Analisa sumber Eramuslim tersebut diperkuat oleh Ahli Kimia ITB Yazid Bindar yang mengatakan, munculnya cendawan asap setelah ledakan, kemungkinan karena adanya minyak di sekitar ledakan.
Sementara itu, Kepala Kepolisian Federal Australia Mike Keelty menilai ada kesamaan pola antara bom yang meledak di Kedubes Australia dengan bom Bali dan Marriot.

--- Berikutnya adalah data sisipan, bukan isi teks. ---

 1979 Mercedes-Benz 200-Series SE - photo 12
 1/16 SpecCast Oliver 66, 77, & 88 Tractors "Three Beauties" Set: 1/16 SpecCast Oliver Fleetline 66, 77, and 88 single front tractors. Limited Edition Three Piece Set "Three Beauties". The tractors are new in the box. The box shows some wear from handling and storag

Kesamaan pola itu meliputi sasaran yang dicapai dan bahan kimia yang digunakan.
Dalam keterangan persnya, Jumat (10/9), Keelty juga meyakini bom di depan Kedubes Australia berasal dari bom mobil, namun ia meragukan kalau itu adalah serangan bom bunuh diri.
Terlepas dari itu semua, ada sisi yang mungkin bisa diulas kembali dari pernyataan bahwa bom di depan Kedubes Australia hampir sama dengan bom Bali dan Marriot. Apalagi setelah ledakan sempat terlihat cendawan asap.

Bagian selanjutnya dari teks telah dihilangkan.